▶ [Provided records]:
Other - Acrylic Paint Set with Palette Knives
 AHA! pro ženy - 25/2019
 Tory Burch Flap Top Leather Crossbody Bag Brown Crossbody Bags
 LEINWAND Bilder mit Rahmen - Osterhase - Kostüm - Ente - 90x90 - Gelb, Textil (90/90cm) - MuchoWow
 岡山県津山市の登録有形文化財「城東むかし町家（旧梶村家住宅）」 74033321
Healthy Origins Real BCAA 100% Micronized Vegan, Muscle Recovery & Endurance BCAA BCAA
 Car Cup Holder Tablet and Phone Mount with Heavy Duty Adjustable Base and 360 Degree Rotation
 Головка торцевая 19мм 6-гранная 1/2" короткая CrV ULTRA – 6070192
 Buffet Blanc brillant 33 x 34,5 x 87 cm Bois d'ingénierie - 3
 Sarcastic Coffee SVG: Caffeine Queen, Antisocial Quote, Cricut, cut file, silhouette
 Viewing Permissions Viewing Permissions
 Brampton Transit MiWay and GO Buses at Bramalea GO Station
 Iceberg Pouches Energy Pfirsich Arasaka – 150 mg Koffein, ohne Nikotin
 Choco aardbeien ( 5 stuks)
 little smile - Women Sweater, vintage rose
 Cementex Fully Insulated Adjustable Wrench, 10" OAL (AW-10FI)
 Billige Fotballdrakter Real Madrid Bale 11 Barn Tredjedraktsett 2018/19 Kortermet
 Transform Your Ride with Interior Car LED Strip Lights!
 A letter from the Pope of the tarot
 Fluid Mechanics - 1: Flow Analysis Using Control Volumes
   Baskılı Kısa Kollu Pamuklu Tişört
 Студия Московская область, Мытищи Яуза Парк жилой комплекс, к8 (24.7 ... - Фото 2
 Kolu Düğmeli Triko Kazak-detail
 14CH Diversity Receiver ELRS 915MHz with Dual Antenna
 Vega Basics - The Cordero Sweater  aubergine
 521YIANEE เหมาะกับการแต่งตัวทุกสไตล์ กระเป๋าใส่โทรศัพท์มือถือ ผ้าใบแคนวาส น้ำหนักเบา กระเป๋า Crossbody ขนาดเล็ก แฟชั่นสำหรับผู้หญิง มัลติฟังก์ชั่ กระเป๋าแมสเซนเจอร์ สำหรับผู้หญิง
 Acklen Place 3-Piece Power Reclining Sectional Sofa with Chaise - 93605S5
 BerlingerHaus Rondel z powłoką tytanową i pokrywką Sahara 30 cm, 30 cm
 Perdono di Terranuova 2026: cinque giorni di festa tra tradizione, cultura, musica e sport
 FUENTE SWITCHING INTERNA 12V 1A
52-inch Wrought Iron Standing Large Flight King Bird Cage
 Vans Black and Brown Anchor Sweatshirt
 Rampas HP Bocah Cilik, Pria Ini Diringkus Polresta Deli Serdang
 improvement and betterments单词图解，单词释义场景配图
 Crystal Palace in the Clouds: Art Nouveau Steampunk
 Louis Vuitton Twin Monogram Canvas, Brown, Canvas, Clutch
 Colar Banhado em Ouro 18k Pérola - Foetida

▶ [Task]:
Copy exactly, and only, the lines from the one containing "Transform Your Ride" through the last line of the listing.

▶ [Solution to this exercise]:
 Transform Your Ride with Interior Car LED Strip Lights!
 A letter from the Pope of the tarot
 Fluid Mechanics - 1: Flow Analysis Using Control Volumes
   Baskılı Kısa Kollu Pamuklu Tişört
 Студия Московская область, Мытищи Яуза Парк жилой комплекс, к8 (24.7 ... - Фото 2
 Kolu Düğmeli Triko Kazak-detail
 14CH Diversity Receiver ELRS 915MHz with Dual Antenna
 Vega Basics - The Cordero Sweater  aubergine
 521YIANEE เหมาะกับการแต่งตัวทุกสไตล์ กระเป๋าใส่โทรศัพท์มือถือ ผ้าใบแคนวาส น้ำหนักเบา กระเป๋า Crossbody ขนาดเล็ก แฟชั่นสำหรับผู้หญิง มัลติฟังก์ชั่ กระเป๋าแมสเซนเจอร์ สำหรับผู้หญิง
 Acklen Place 3-Piece Power Reclining Sectional Sofa with Chaise - 93605S5
 BerlingerHaus Rondel z powłoką tytanową i pokrywką Sahara 30 cm, 30 cm
 Perdono di Terranuova 2026: cinque giorni di festa tra tradizione, cultura, musica e sport
 FUENTE SWITCHING INTERNA 12V 1A
52-inch Wrought Iron Standing Large Flight King Bird Cage
 Vans Black and Brown Anchor Sweatshirt
 Rampas HP Bocah Cilik, Pria Ini Diringkus Polresta Deli Serdang
 improvement and betterments单词图解，单词释义场景配图
 Crystal Palace in the Clouds: Art Nouveau Steampunk
 Louis Vuitton Twin Monogram Canvas, Brown, Canvas, Clutch
 Colar Banhado em Ouro 18k Pérola - Foetida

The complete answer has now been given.